Sorun, boş kalan tenekeyse, heybeyse, gün olur çalışır doldurursun. Boş olan mide ise; tam arzu ettiğin gibi olmasa da bir şeyler bulup, açlığını giderirsin. Boş kalan beynimizi de, ihtiyacımıza, beklentimize ve kapasitemize göre doğru-yanlış bir şeylerle doldururuz. Bunların hepsi önemli ve önceliklidir. Fakat hepsinden önemlisi; niyet, hedef, gayret, alınan mesafe ve varılan neticedir.
Cumhuriyetimiz yüzüncü kuruluş yılını geride bırakırken, birlikte yola çıktığımız diğer toplumların neden gerisinde kaldık?
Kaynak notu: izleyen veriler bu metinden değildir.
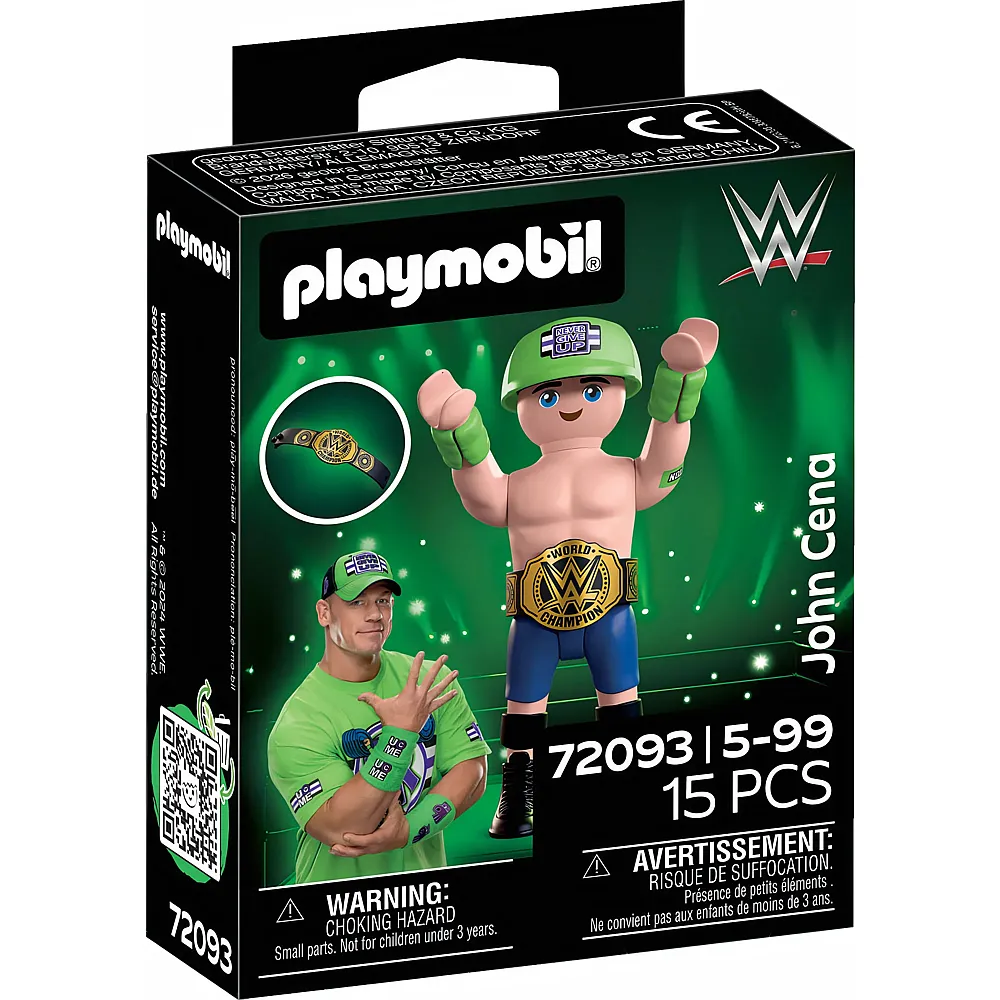 PLAYMOBIL WWE John Cena 72093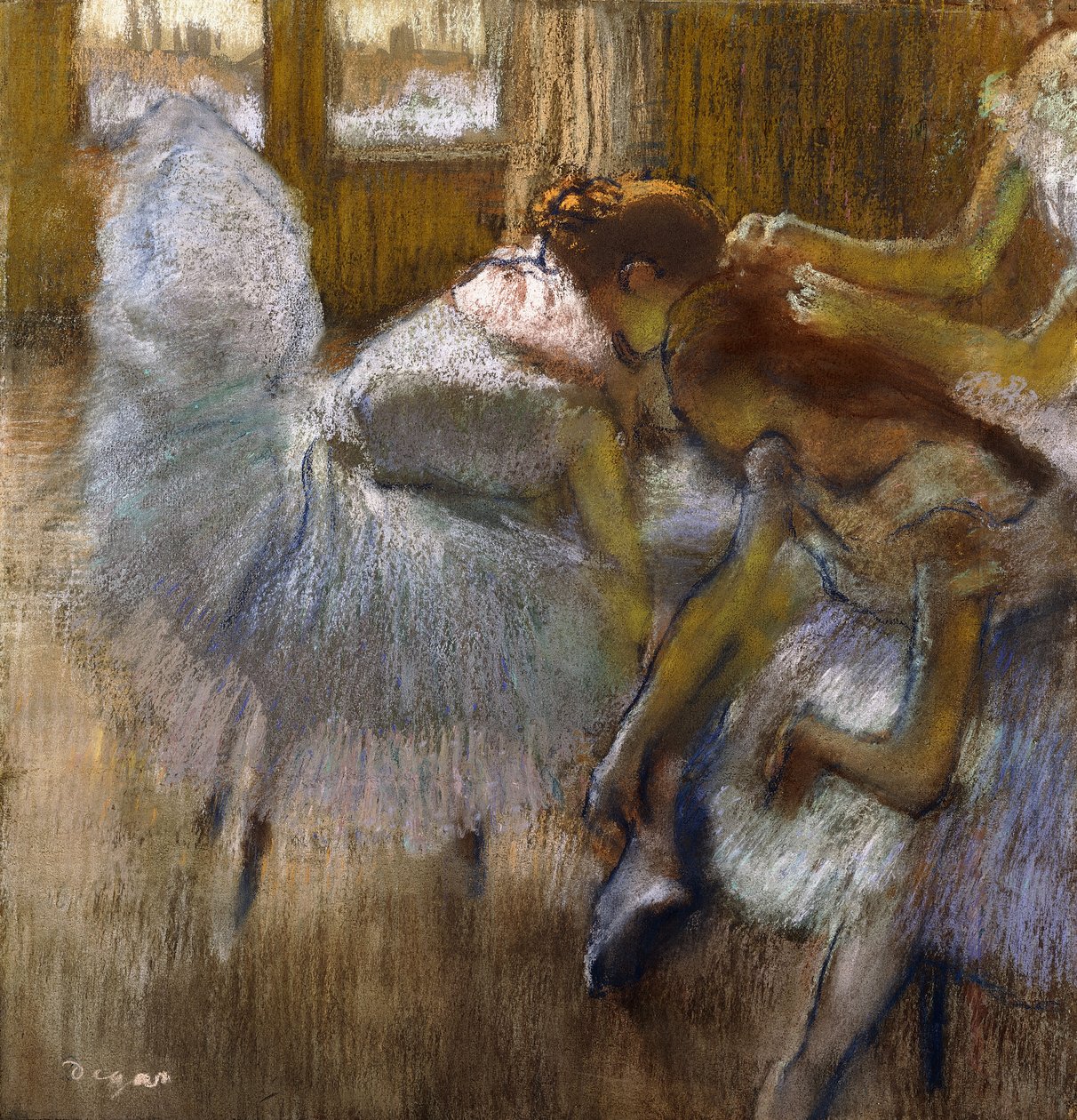 Dansers in rust, ca. 1885 door Edgar Degas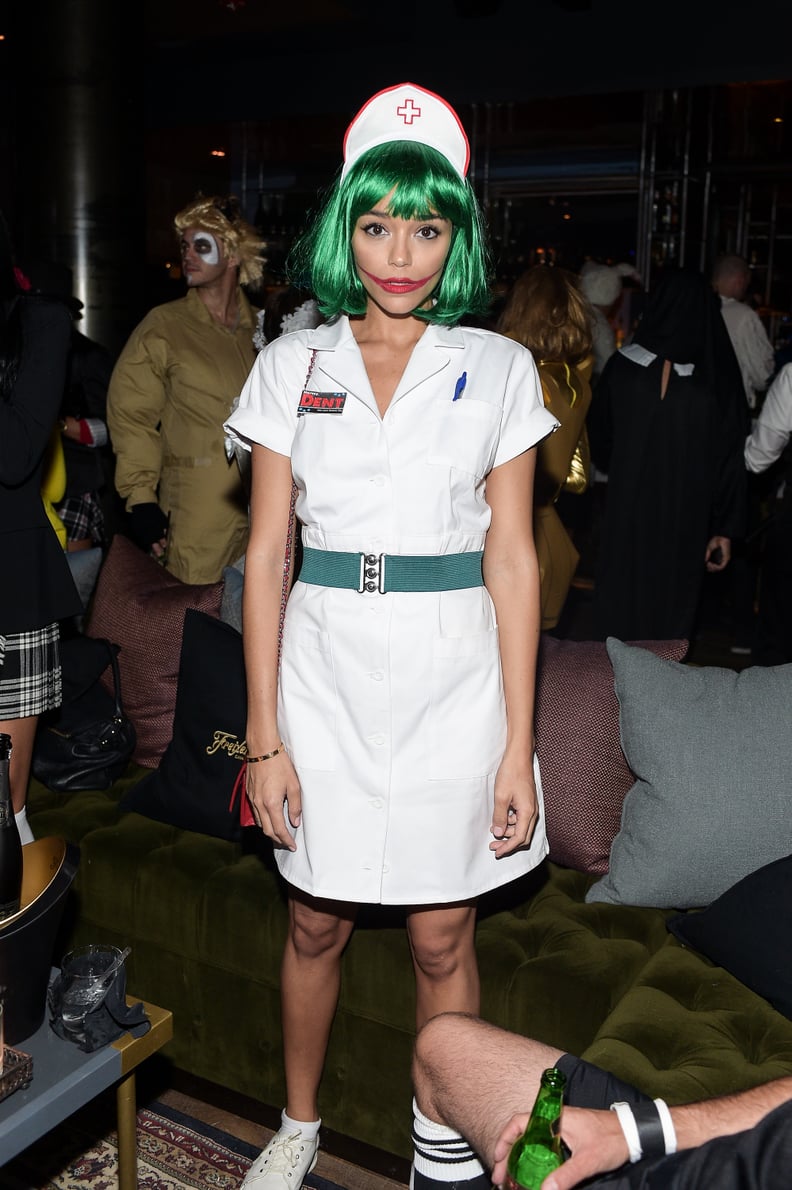 Ashley Madekwe as the Joker in a Nurse's Uniform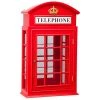 Piccadilly Circus British Telephone Booth Red Wall Curio Accent Cabinet by Design Toscano -Steve Silver Online Store red design toscano accent cabinets bn5230 64 1000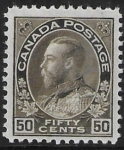1911  Canada SG.215  50c  sepia  U/M (MNH)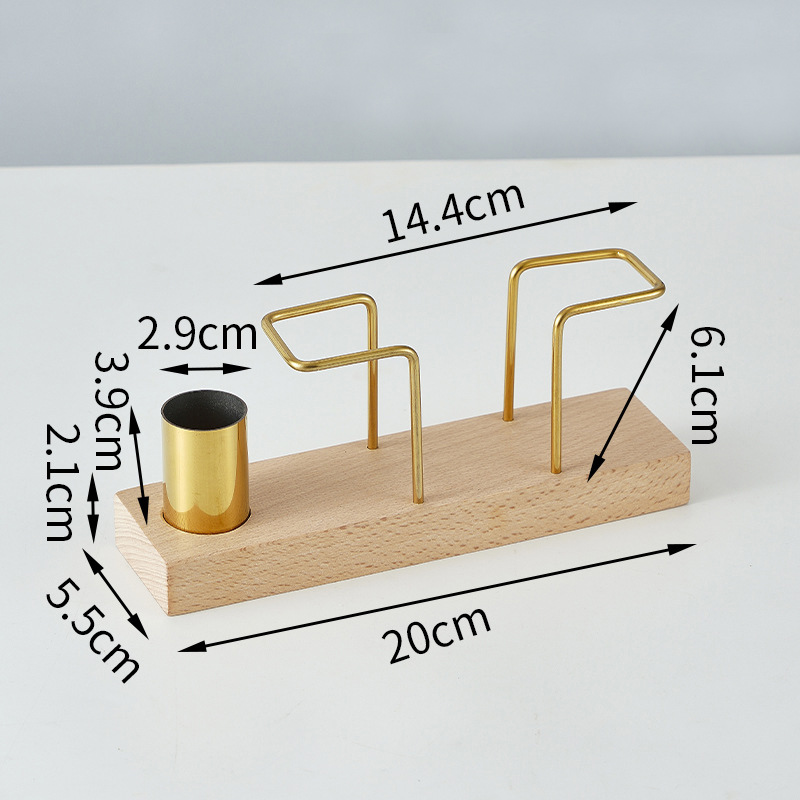 Walnut Tissue Toothpick Holder,Dining Table Beech Tissue Holder For Restaurants - Image 3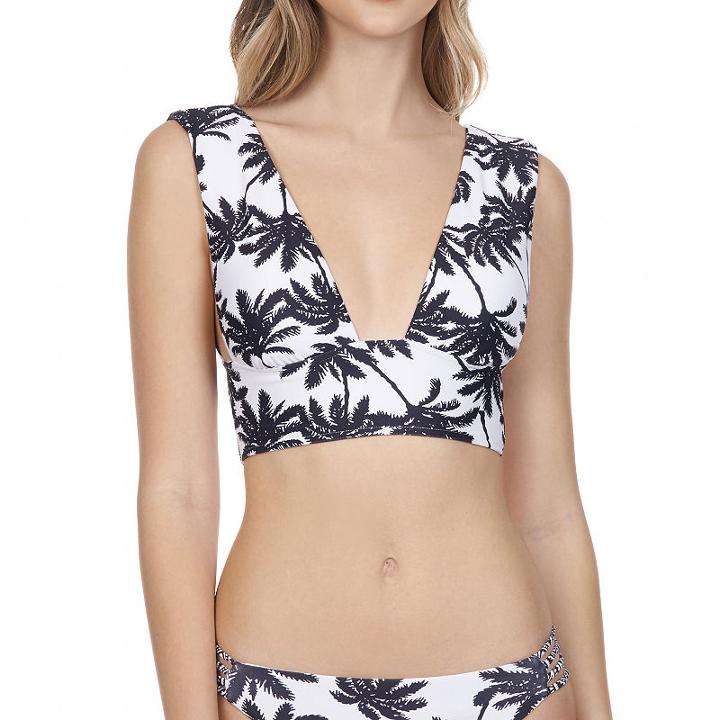 Arizona Leaf Tankini Swimsuit Top-juniors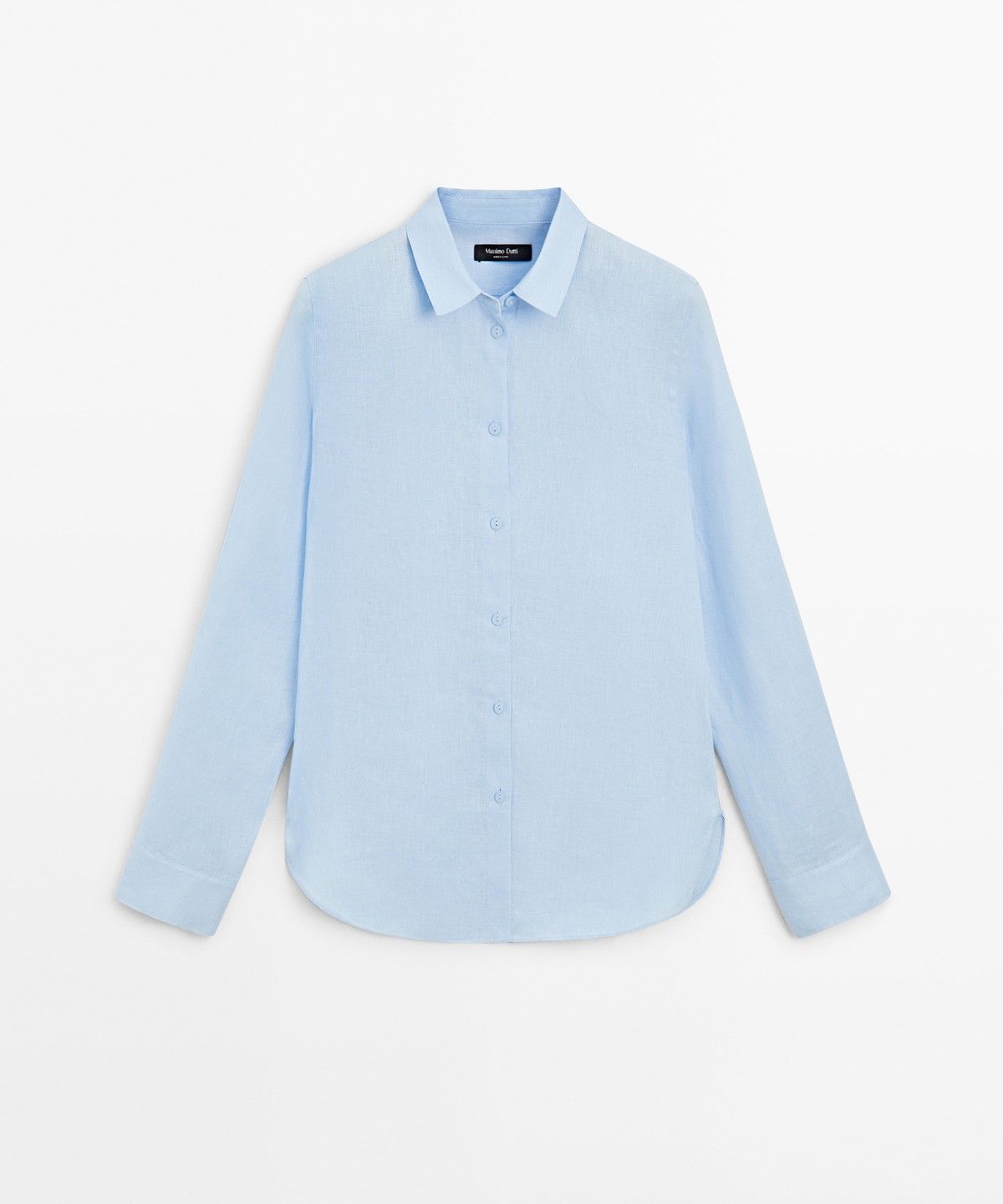 마시모두띠(MASSIMO DUTTI) 100% 린넨 루즈핏 셔츠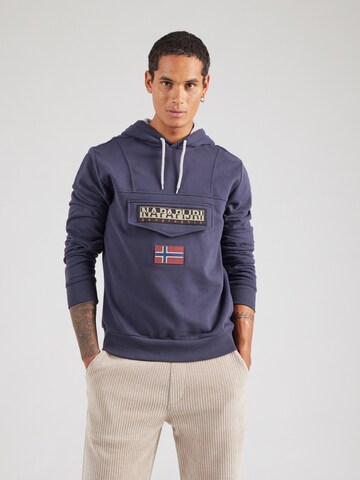 NAPAPIJRI Sweatshirt 'BURGEE WINT 3' in Blau: Vorderseite
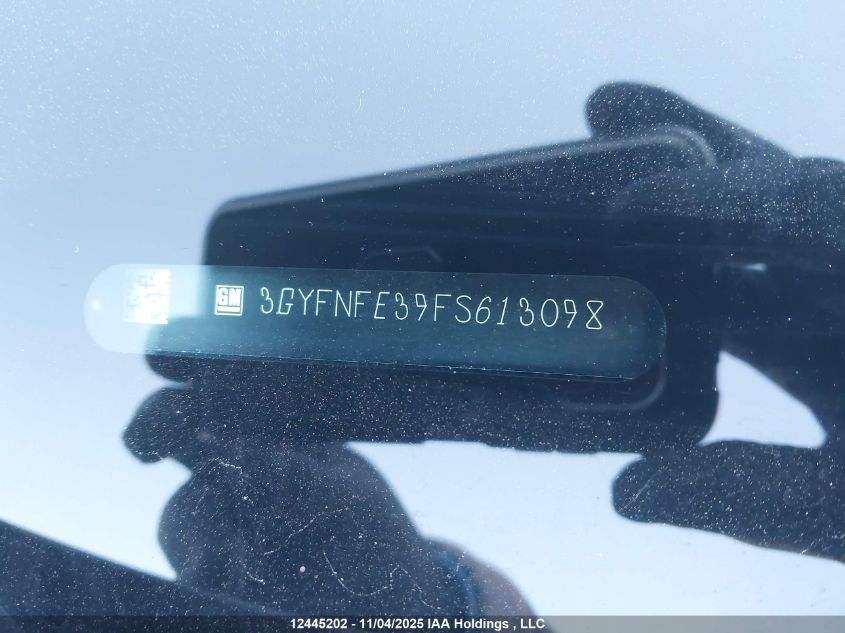 2015 Cadillac Srx VIN: 3GYFNFE39FS613098 Lot: 12445202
Neden tam demokratik, bağımsız, hak eksenli modern anayasal hukuk devleti olamadık?
Ve bu tür sorular, neden toplumun kafasında öncelikli değil?
Niyet önemli, talep önemli fakat; girişime dönüşmüyorsa, masalları süslüyor.
Dervişin biri, yaşamını yaya olarak sürdürmekten yorgun düşmüş ve yaradan’a şöyle dua etmiş:
“Allah’ım fazlasında gözüm yok, bana da en azından bir at nasip eyle”
Daha yüz metre yürümeden yerde bir nal bulmuş. Hayranlıkla ve şaşkınlıkla şöyle haykırmış:
“Allah’ım büyüksün, daha isteyeli bir saat olmadı. Bir nal buldum, kaldı üç nal ile bir at”
Buradan hareketle herkes kendini sorgulamalı değil mi?
Neye niyet ettik, ne yaptık, ne bulduk ve geriye ne noksanımız var?